Reanalysis revisited

I have been working with climate reanalysis. I found some more resources, mainly through the Univ Maine Climate Change Institute. They have a collection of reanalysis offerings, some of which are just remappings of flat plots on the globe. But they have useful information collections, and also guides. A comprehensive guide page is here. They have a collection of GHCN daily data here, convenient, although not up to date. They have globe maps of daily temperature, as I do here, but again with a considerable lag. And they have a section on monthly reanalysis time series here, which is the focus of this post.

They let you draw graphs of annual data, and plots of each month over years, but frustratingly, not a monthly plot. This may be to avoid including seasonal variation; they are not anomalies. However, they do give tables of the monthly average temperature for various reanalysis methods, to only 1 decimal precision :(. Despite that limitation, it is useful for me, because I had wondered whether the convenience and currentness of the NCEP/NCAR data was undermined by its status as a first generation product. I now think not; the integrated global temperature anomaly is quite similar to more advanced products (MERRA is something of an outlier). More below the fold.

The first thing I wanted to check, since they give NCEP/NCAR v1, is whether they get the same answers as I did by integrating the grids. Again, CCI data only goes to 2012. Here is the plot for the most recent 8 years, set to 1994-2013 anpmaly base (actually to 2012 for the CCI version).

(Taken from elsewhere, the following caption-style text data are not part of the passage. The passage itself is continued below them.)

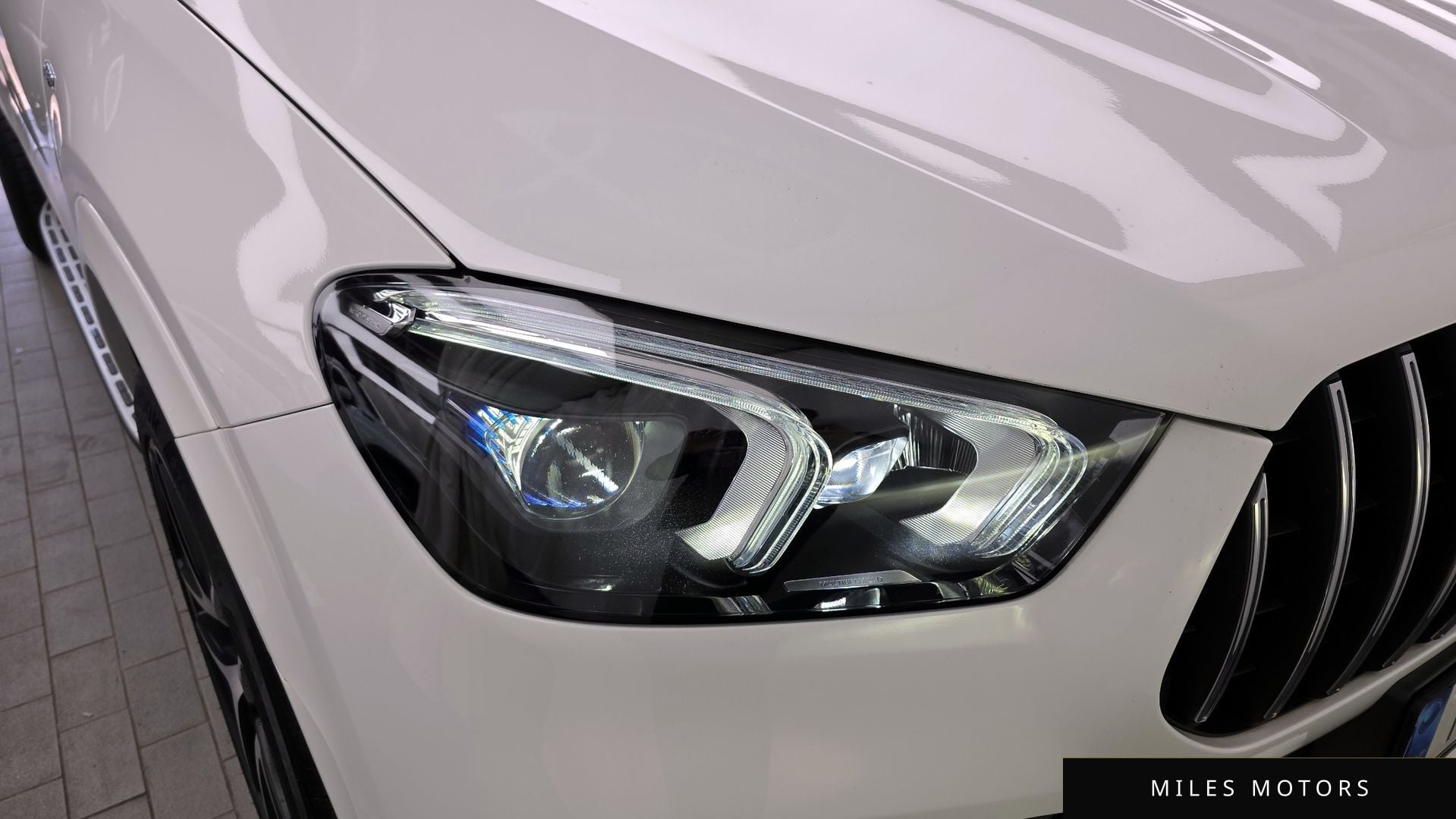 Mercedes-Benz GLE-Class W167 2021 — миниатюра 8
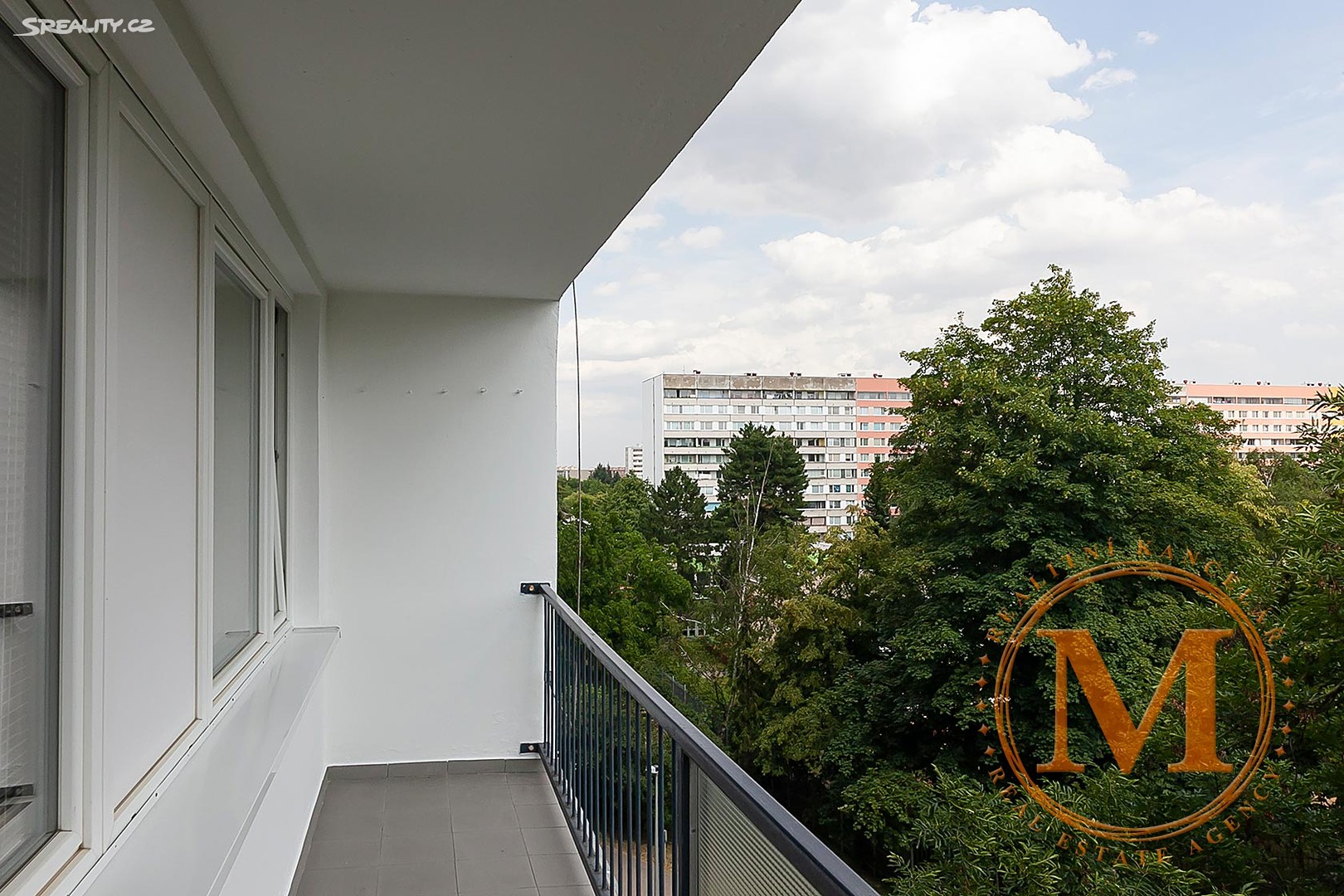 Pronájem bytu 3+kk 56 m², Veltruská, Praha 9 - Prosek
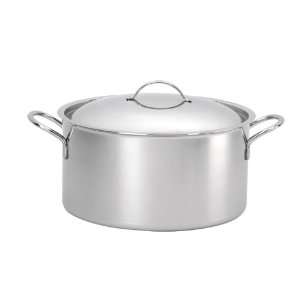 World Cuisine Stainless Steel Sauce Pot, 3.4 Qts. [World Cuisine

At first I was disappointed that they didn't overlay more closely. Then I remembered their 1 decimal accuracy, and then it seemed quite good agreement. You don't see 0.1 steps, because I've subtracted each month's mean. There may also be discrepancies because my numbers are likely more recent.

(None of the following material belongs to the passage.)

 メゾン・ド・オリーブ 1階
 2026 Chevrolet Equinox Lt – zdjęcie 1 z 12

So then I plotted 5 reanalyses as shown by CCI. These are the main ones that go to near present (usually some time in 2012). You can read about them in the CCI guide. ERA is ERA-Interim. Ncepdoe is NCEP/DOE.

Again. quite good agreement if you allow for the limited precision. Surprising that MERRA, supposed to be one of the best, seems most deviant, even though others like CFSR are also well-regarded. It may of course be that MERRA is right. But anyway. there is nothing in the plot to disqualify NCEP/NCAR.

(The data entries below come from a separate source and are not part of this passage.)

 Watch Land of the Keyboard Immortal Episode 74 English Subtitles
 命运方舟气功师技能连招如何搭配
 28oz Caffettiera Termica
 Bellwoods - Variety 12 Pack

So I'll stick with it. It seems to be the most current, and I appreciate the 8 Mb download (for daily update). CFSR, for example, seems to come in multi-Tb chunks, which for me would be a multi-year task just to download. Resolution is not an issue for a global average.


  1. In the Arctic at least MERRA and ERA-Interim have performed very well against out of sample data but we noticed (in one of our updates on the CW2014 website) some odd patterns over Africa for MERRA. MERRA Temps are not assimilated from the surface remember as opposed to most of the others.

  2. One of the faults mentioned with NCEP/NCAR was deviant Arctic patterns, attributed to higher spherical harmonics trying to match inadequate data. But that is where integration helps. The higher SH may look odd, but their integrals have to be zero.

  3. The CFSR is available in smaller bits than that. I've pulled hourly resolution daily files, and can get modest size files at lower resolution. iirc more like 20 mb than 8 per day. Perhaps smaller than that too.

    1. Thanks, Robert,
      I'll try again. I'm pretty happy with the NCEP system though. I'm using it for daily updates during the month. Long-term accuracy isn't critical; it's basically to get a sense of how the month is going until the compilations of surface data come in.

    2. If it ain't broke, don't fix it. Both are NCEP systems, just CFSR is the more recent and has higher resolution (and better physics + data). If you have questions about them, feel free to drop me a note.

    3. Thanks for the feedback on CFSR.